A salute to the real spirit of free enterprise


It’s become quite fashionable to bash business. This is not only because of the often irrational adherence to, and in some cases the revival of outdated ideologies, but the perceived transgressions of companies in customer service, approach to labour, and often anti-social behaviour such as price and supply collusion, corruption, environmental pollution and many others. As we saw with the recent Volkswagen emissions scandal, even the most trusted brands are capable of breaking that trust.

Then there’s the business environment itself, which has changed dramatically in the past four decades to become increasingly shorter term in thinking; profit maximising; shareholder value focused; inordinate and arguably unjustifiable executive reward systems; income disparities and inequality; declining labour participation and centralisation and growth of global capital and financial instruments.

It must be difficult to throw the business laundry in this murky water and expect it to emerge unstained. Those are the things that pre-occupy popular news headlines. They also completely overwhelm and distort the true spirit of free enterprise. But occasionally some do break the mould and serve as a reminder what business is about; that they indeed come from the real and original mould.

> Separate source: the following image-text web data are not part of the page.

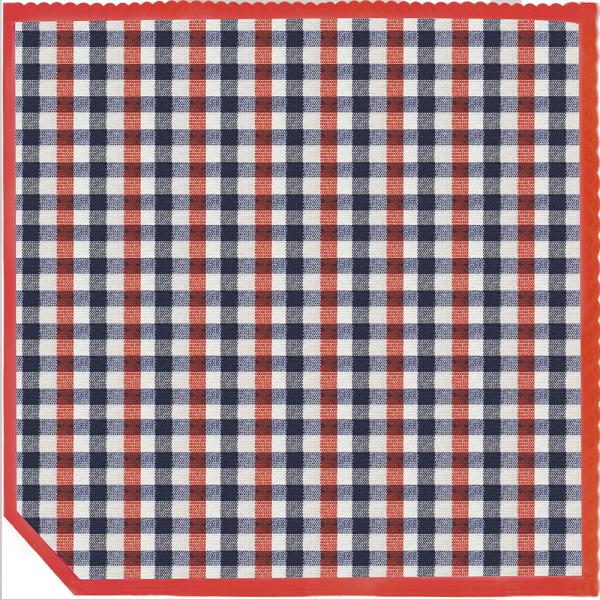 Express Tecido com Bordado Chocolovers 35X35 - 10 Un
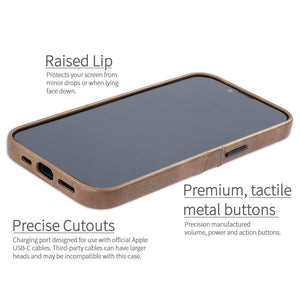 completely exposed camera button, metal tactile buttons raised lip around edge for protection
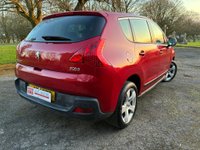 USED 2011 11 PEUGEOT 3008 1.6 HDi Sport EGC Euro 5 5dr LONG MOT GOOD SERVICE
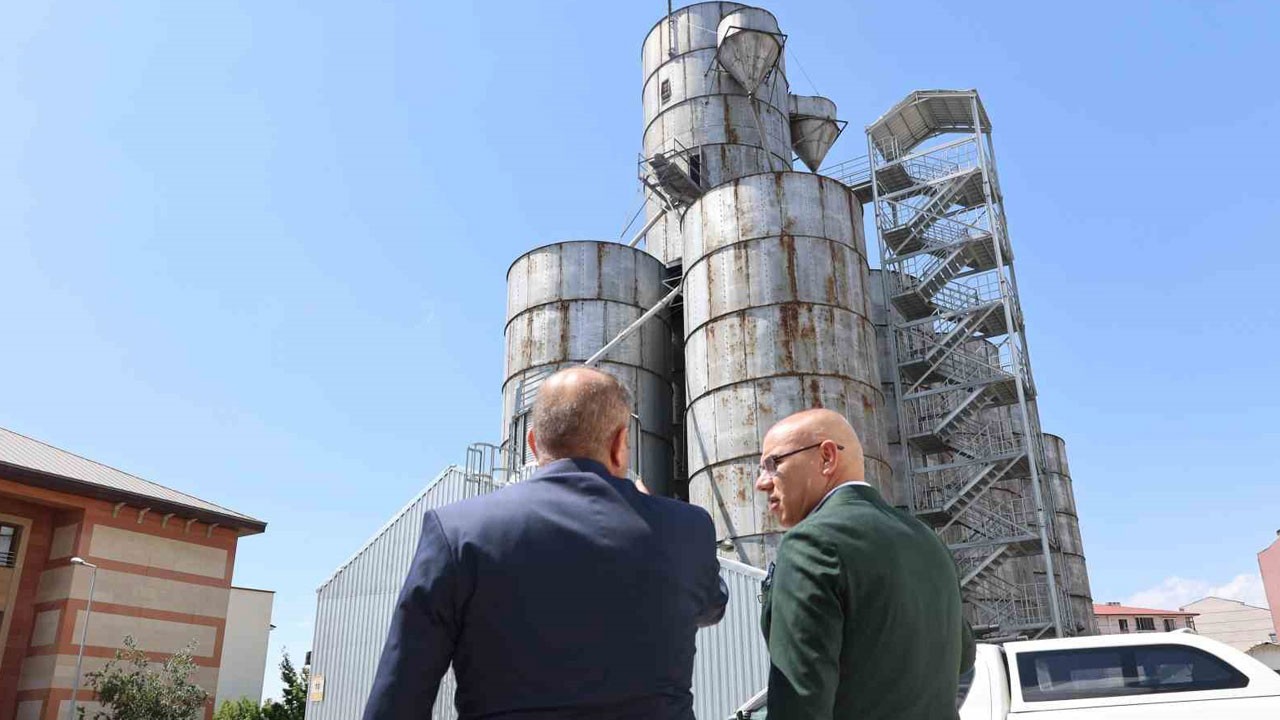 Vali Mustafa Koç’tan kurumlara ziyaret turu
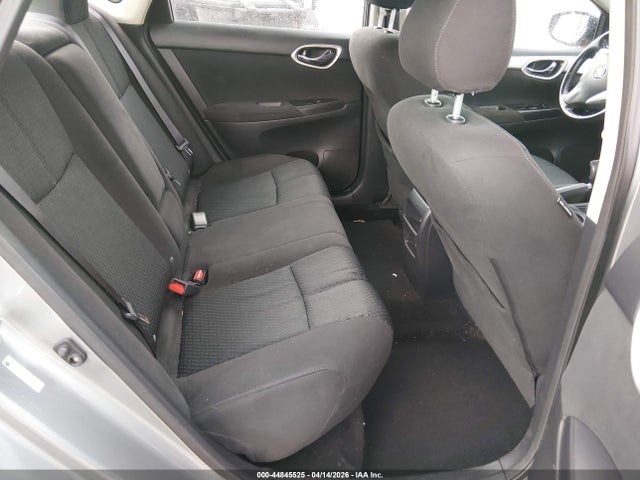 Продаж на аукціоні авто 2013 Nissan Sentra Sr, vin: 3N1AB7AP1DL705016, номер лоту: 44845525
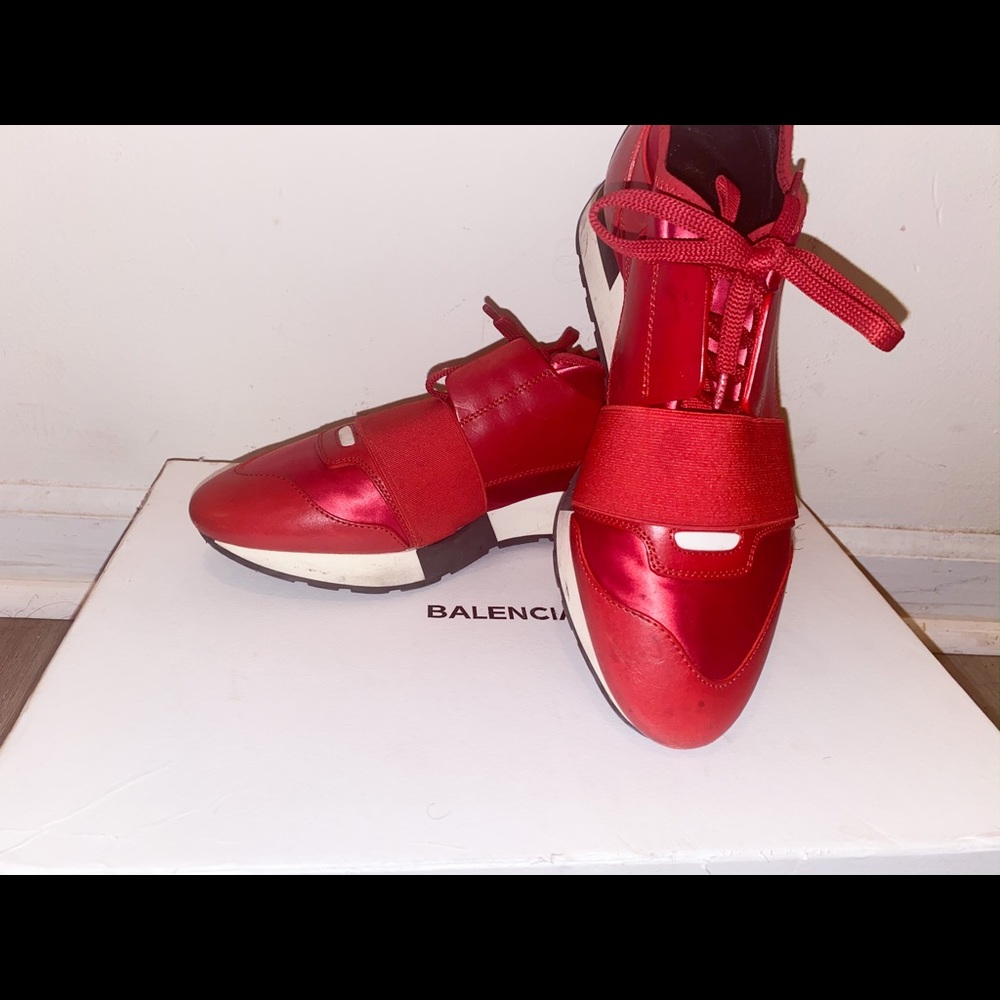 🔥🔥🔥Balenciaga runner sneakers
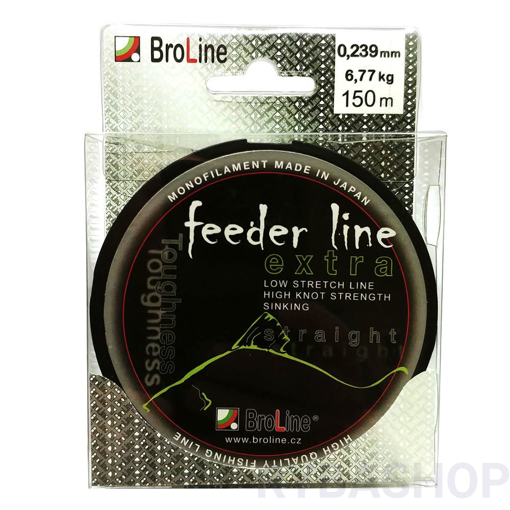 BroLine Feeder Extra 150m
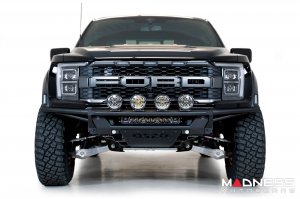 Ford Raptor Front Bumper - ADD PRO - Addictive Desert Designs - 2021 + Ford Raptor Front Bumper - ADD PRO - Addictive Desert Designs - 2021 +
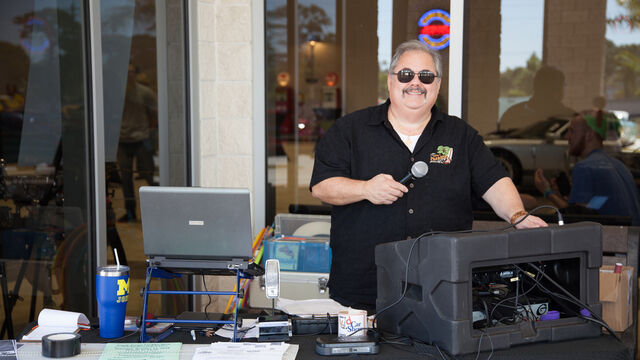 Brevard Public Schools Car Show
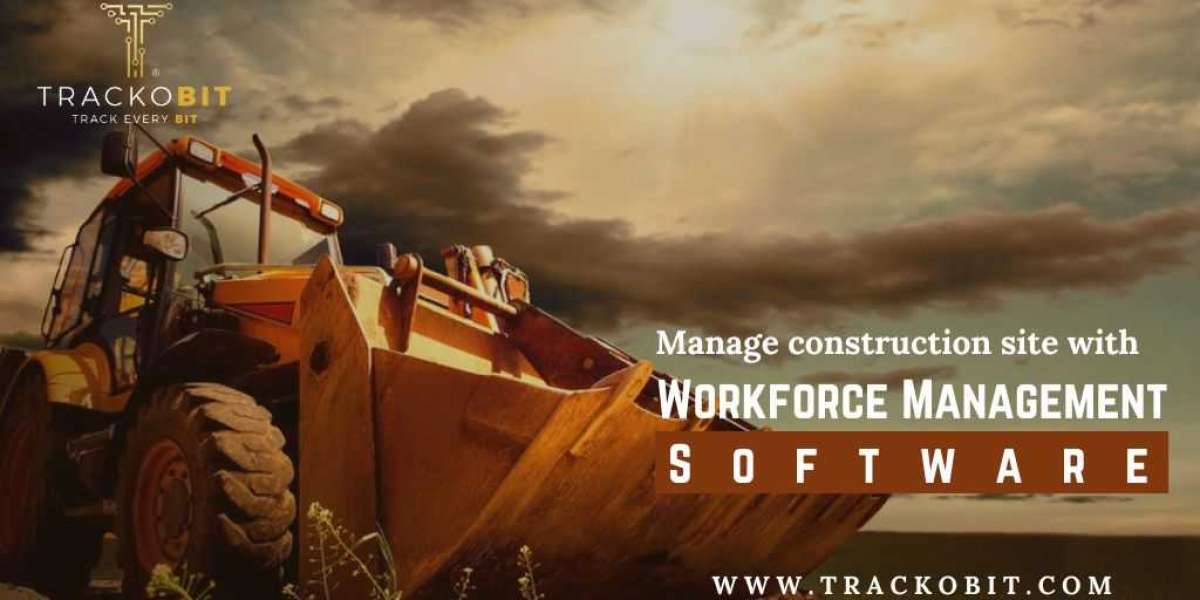 How can Workforce Management Software Help Construction Industry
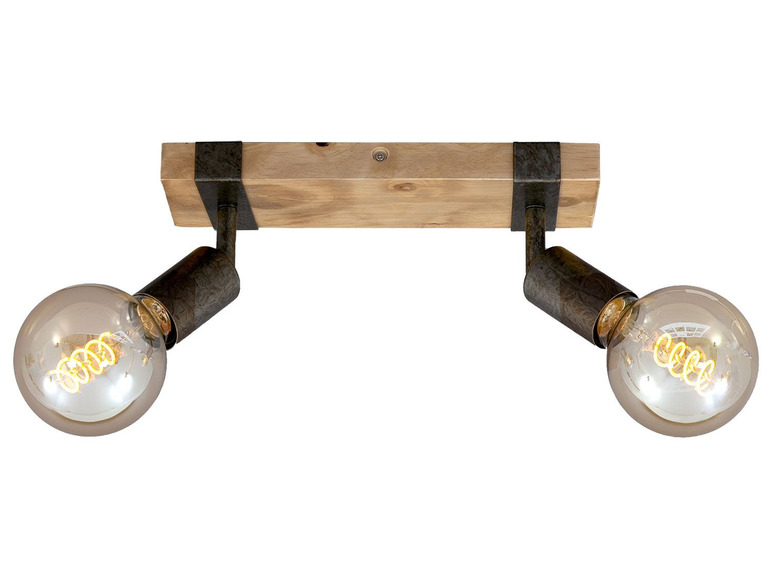 Wand- en plafondlamp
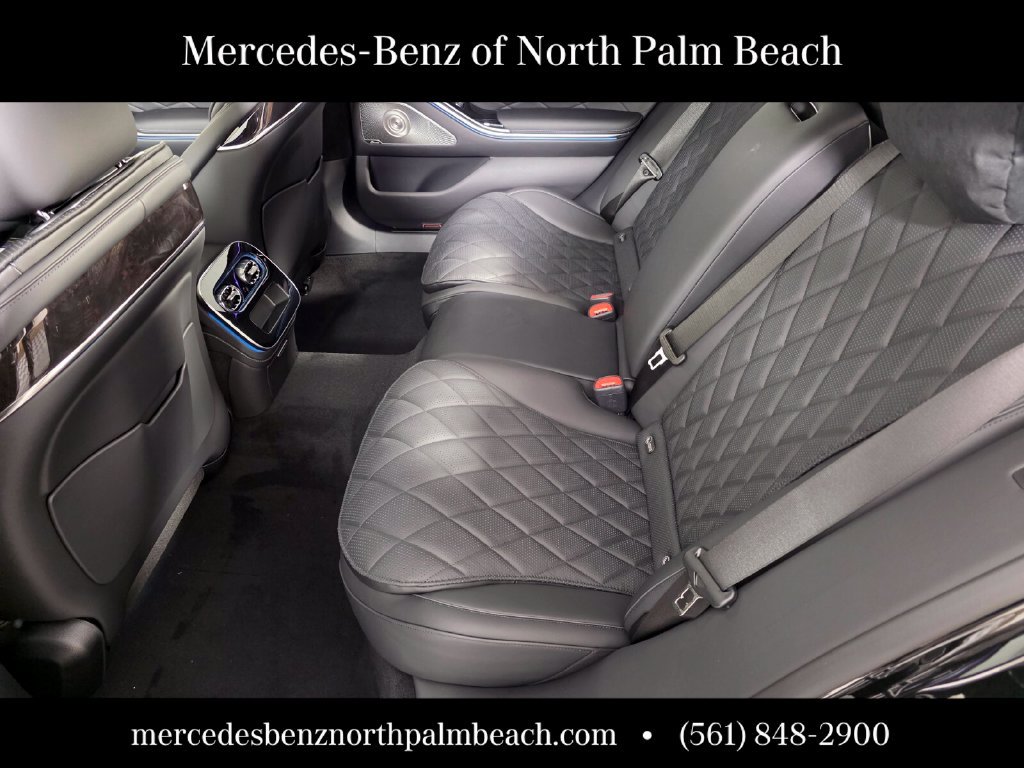 New 2027 Mercedes-Benz S 580 4MATIC Sedan image 11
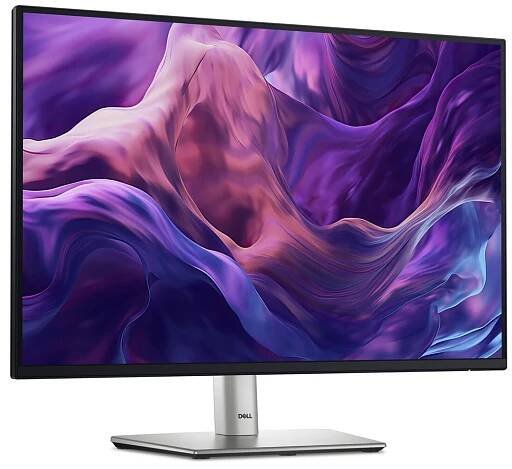 DELL LCD P2425E - 24,07"/IPS/LED/1920x1200/16:10/100Hz/8ms/1500:1/300 cd/m2/HDMI/DP/Pivot/VESA/3YNBD
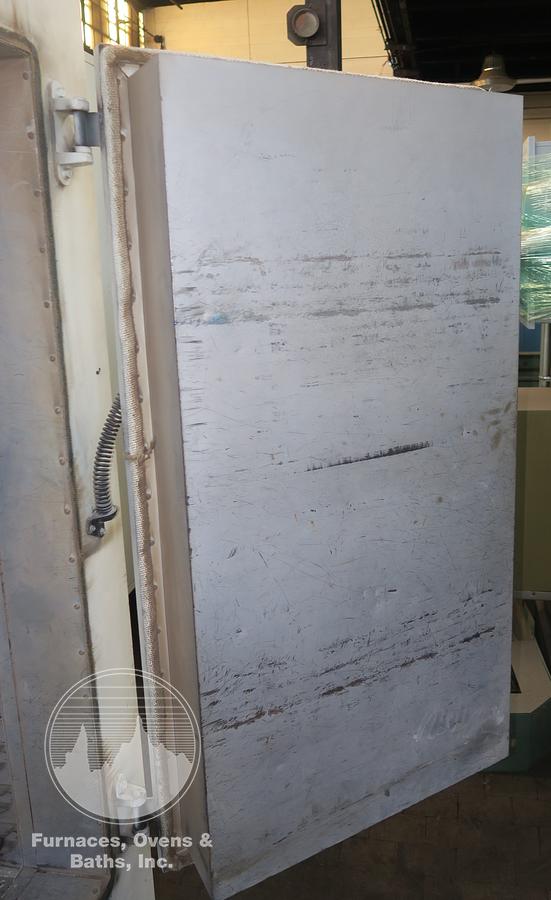 Used 26"W x 50"H x 38"L Grieve VB-850, Electric, 850-F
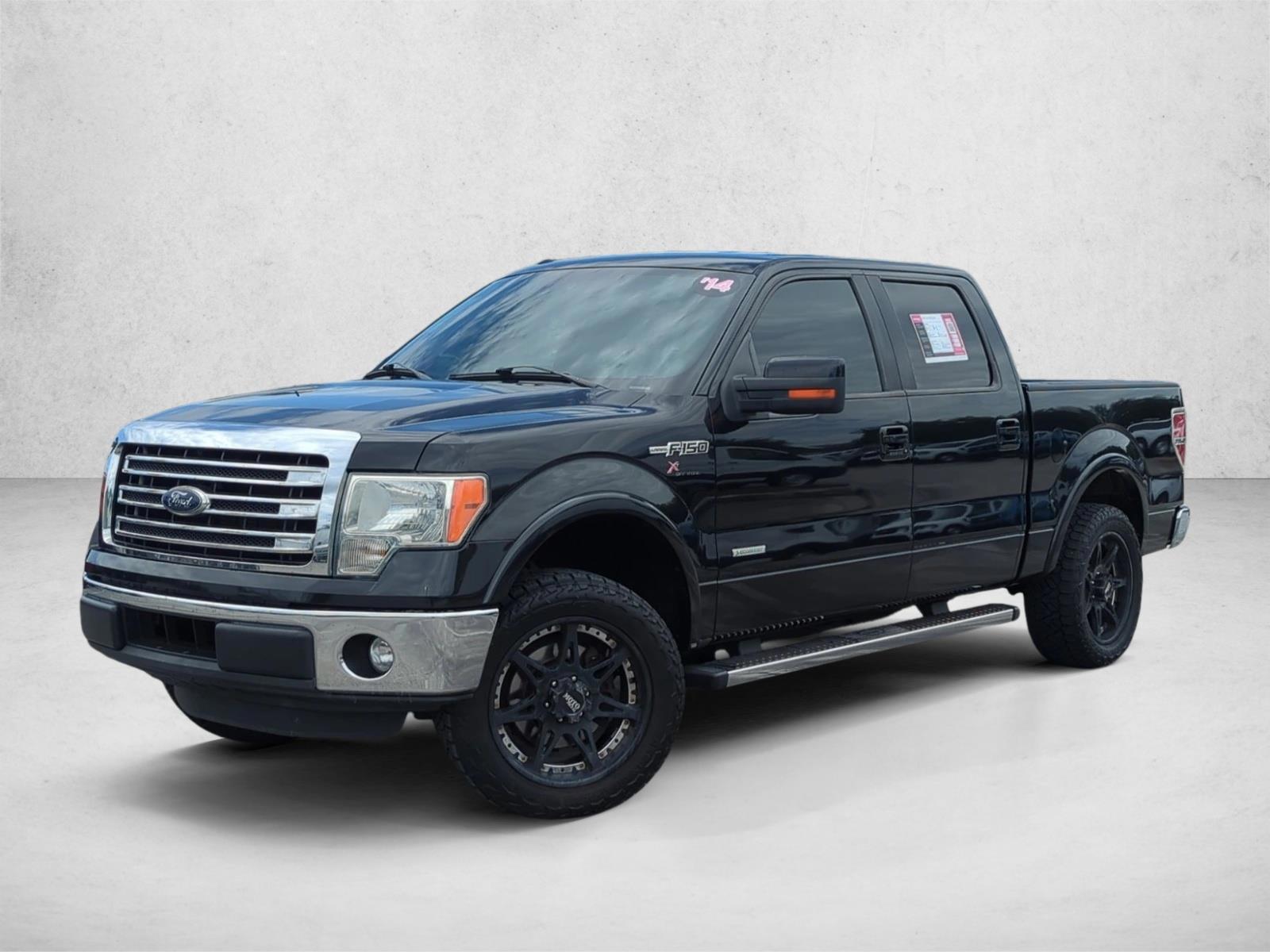 Thumbnail: 2014 Ford F-150 - 1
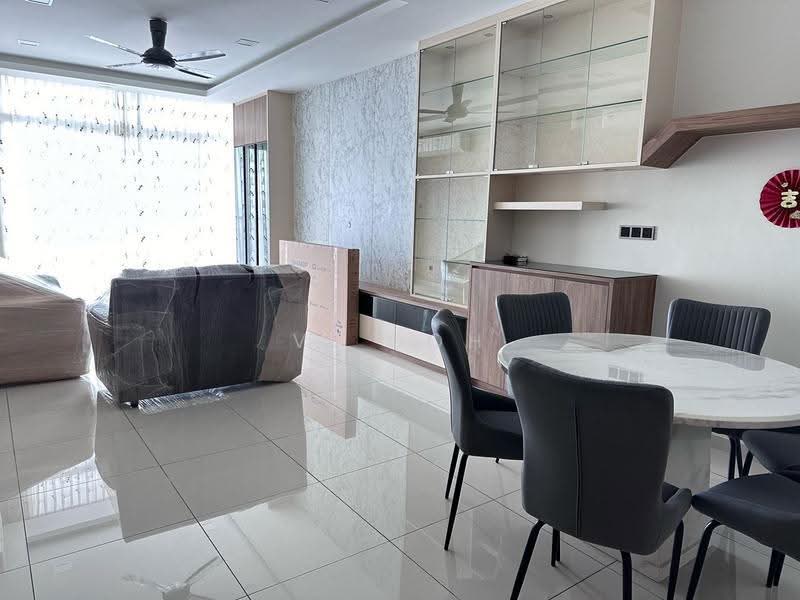 Condominium for Rent at Sandilands - V. Goh - Living Room - PropertyGuru.com.my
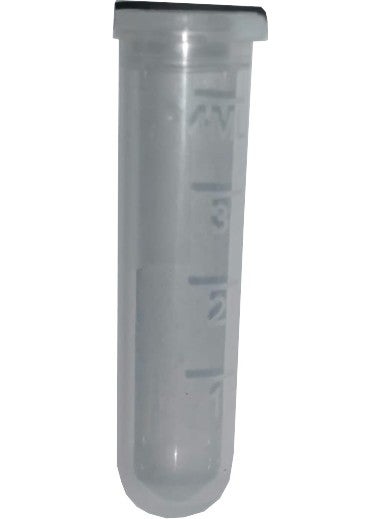 Ziylan Tester Bottle, Liquid Bottle, Empty Bottle, 4ml, 100PCS  - Image 1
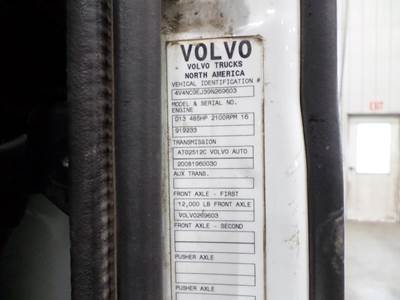 Volvo ATO2512C Transmission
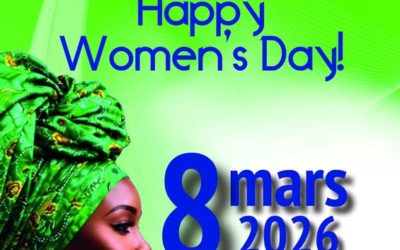 #jif_2026 Heureuse célébration ! 🤗 #regulation #telecom #digitalart #womensdayspecial #leadership #social #Cameroon #Un…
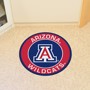 Picture of Arizona Wildcats Roundel Mat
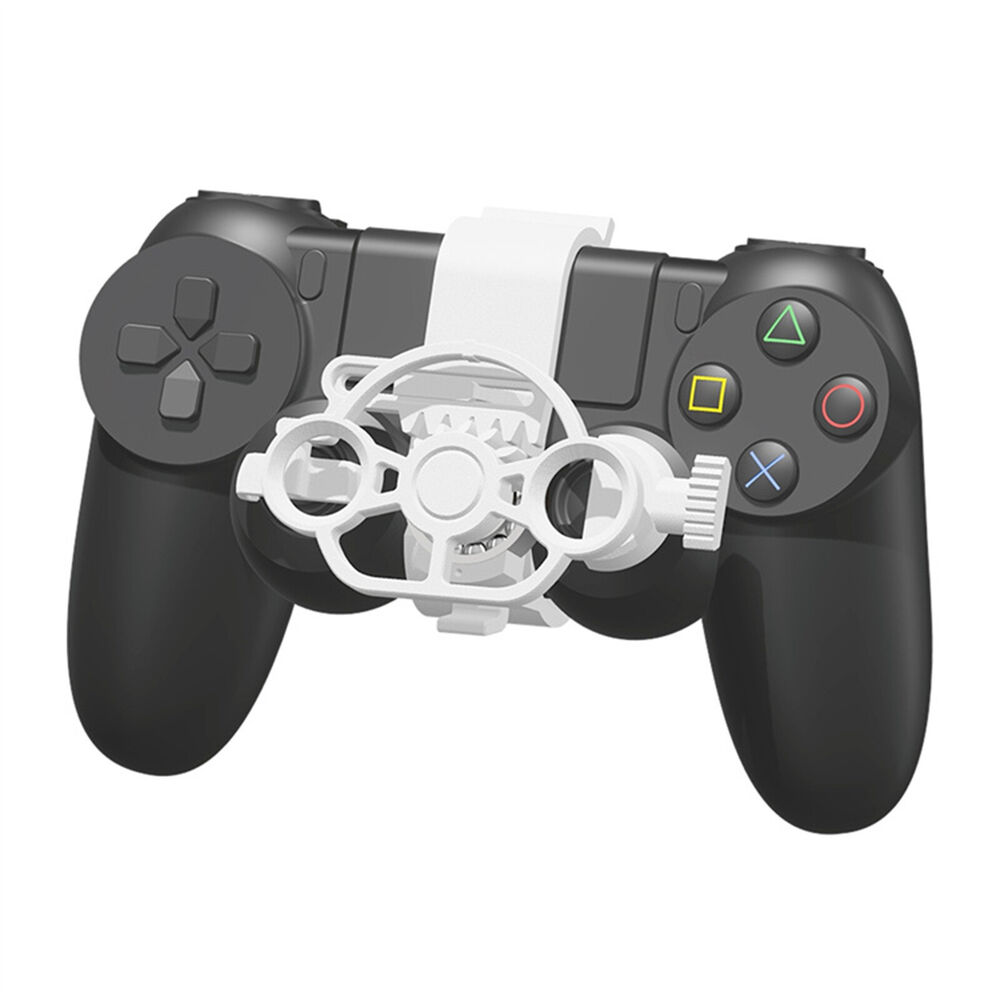 Simulation 3D PC Racing Gamepad Steering Wheel for PS4/PS3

That original mould is confusing for ideologists who claim that they have been produced by a particular economic system or theory. In fact, for the most part they stand apart from systems and yet are crucial to them. It also leads to some comical assumptions by organisational theorists who believe that these majestic giants can be replicated through structure, strategic templates and reward systems pandering to the material self-gain of those involved.

There are three forces that account for entrepreneurial genius and they seldom exist in one person.


This is the real creative power of humanity. It can happen at any level, sometimes by accident and sometimes dating back years, even centuries, More often than not discoveries come from the unrecognised, unsung, often unrewarded and yet the true heroes of innovation – scientists, researchers, backroom developers and even the average Joe or Jane. Discoveries are independent of systems or social constructs. They are nurtured through curiosity, and reinforced by education and knowledge.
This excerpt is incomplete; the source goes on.